4. The phase-locked loop circuit capable of being used for synchronizing the switching frequency of a COT mode switching power supply of claim 3, wherein the fourth PMOS transistor, the third NMOS transistor, the fourth NMOS transistor and the fifth NMOS transistor are high-voltage-tolerant devices, and the width-to-length ratios of the third NMOS transistor and the fourth NMOS transistor are the same.

Technical Field

The invention belongs to the technical field of electronic circuits, and relates to a phase-locked loop circuit which can be used for synchronizing the switching frequency of a COT mode switching power supply according to an external synchronous clock.

Background

The conventional PWM control mode is difficult to meet the requirements of point loads (PO L) On the performance of the power supply, and a Constant On Time (COT) control mode is widely applied in the industry due to excellent transient response capability and high light load efficiency.

Disclosure of Invention

Aiming at the problem of switching frequency drift of a COT control switching power supply and the defect of low frequency locking speed of the traditional phase-locked loop, the invention designs the phase-locked loop circuit capable of being used for switching frequency of an external synchronous COT mode switching power supply, and the circuit introduces a generated P LL control signal into the COT control switching power supply to contain an input voltage V_INOn-Time generation of information (On-Time)r) module, which makes the switching frequency generated by the COT mode switching power supply have good frequency locking precision and faster transient response speed; the phase-locked loop circuit provided by the invention can well synchronize the external synchronous clock with the rising edge of the internal switch action; and an input voltage V of an external power supply, i.e. a COT mode switching power supply_INWhen jumping occurs, the phase-locked loop circuit provided by the invention can directly sample V_INThe current flowing into the on-time timer module is quickly changed by the voltage information, and quick transient response is realized.

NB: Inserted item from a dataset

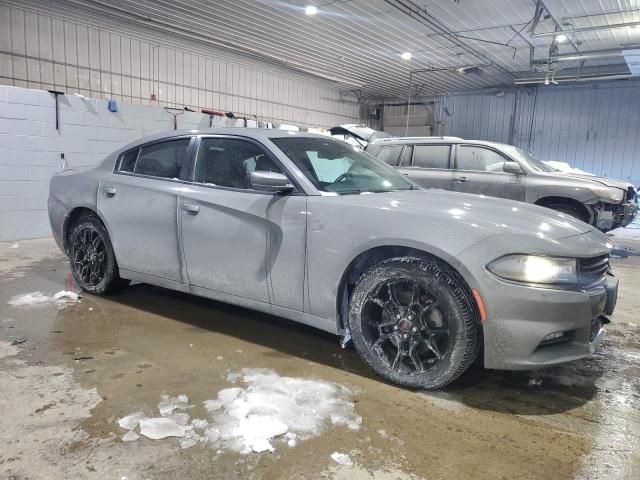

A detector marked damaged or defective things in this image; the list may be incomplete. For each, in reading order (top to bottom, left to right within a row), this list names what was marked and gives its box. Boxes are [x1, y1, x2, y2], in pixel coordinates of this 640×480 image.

The technical scheme of the invention is as follows:

a phase-locked loop circuit capable of being used for synchronizing the switching frequency of a COT mode switching power supply is characterized in that the COT mode switching power supply charges a timing capacitor by using charging current containing input voltage information of the COT mode switching power supply, and generates a switching signal for controlling a power tube in the COT mode switching power supply by comparing the voltage on the timing capacitor with a first reference voltage;

the phase-locked loop circuit comprises an enabling logic module, a phase discriminator, a low-pass filter and a voltage-current conversion module,

the enabling logic module is used for enabling the phase-locked loop circuit when detecting that an external synchronous clock exists and closing the phase-locked loop circuit when not detecting the external synchronous clock;

the phase discriminator is used for detecting the phase difference between the external synchronous clock and the switching signal;

the low-pass filter comprises a first resistor, a second capacitor and a third capacitor, one end of the first resistor is connected with an output signal of the phase discriminator, one end of the third capacitor and the input end of the voltage-current conversion module, and the other end of the first resistor is grounded after passing through the second capacitor; the other end of the third capacitor is grounded;

the voltage-current conversion module comprises a sixth NMOS tube, a seventh NMOS tube, an eighth NMOS tube, a ninth NMOS tube, a tenth NMOS tube, an eleventh NMOS tube, a twelfth NMOS tube, a fifth PMOS tube, a sixth PMOS tube, a seventh PMOS tube, an eighth PMOS tube and a ninth PMOS tube,

the grid electrode of the twelfth NMOS tube is connected with the grid electrodes of the tenth NMOS tube and the eleventh NMOS tube and is connected with the enabling signal generated by the enabling logic module, the drain electrode of the twelfth NMOS tube is connected with the grid electrode of the fifth PMOS tube and the third reference voltage, and the source electrode of the twelfth NMOS tube is connected with the grid electrode of the sixth PMOS tube and serves as the input end of the voltage-current conversion module;

the grid electrode of the ninth PMOS tube is connected with bias voltage, the source electrode of the ninth PMOS tube is connected with the source electrodes of the seventh PMOS tube and the eighth PMOS tube and power supply voltage, and the drain electrode of the ninth PMOS tube is connected with the source electrodes of the fifth PMOS tube and the sixth PMOS tube; the bias voltage is proportional to the COT mode switching power supply input voltage;

the grid electrode of the sixth NMOS tube is connected with the grid electrode and the drain electrode of the seventh NMOS tube, the drain electrode of the fifth PMOS tube and the drain electrode of the tenth NMOS tube, the drain electrode of the sixth NMOS tube is connected with the grid electrode and the drain electrode of the seventh PMOS tube and the grid electrode of the eighth PMOS tube, and the source electrode of the sixth NMOS tube is connected with the source electrodes of the seventh NMOS tube, the eighth NMOS tube, the ninth NMOS tube, the tenth NMOS tube and the eleventh NMOS tube and is grounded;

the grid electrode of the ninth NMOS tube is connected with the grid electrode and the drain electrode of the eighth NMOS tube, the drain electrode of the sixth PMOS tube and the drain electrode of the eleventh NMOS tube, and the drain electrode of the ninth NMOS tube is connected with the drain electrode of the eighth PMOS tube and generates an output signal of the phase-locked loop circuit to be superposed on the charging current.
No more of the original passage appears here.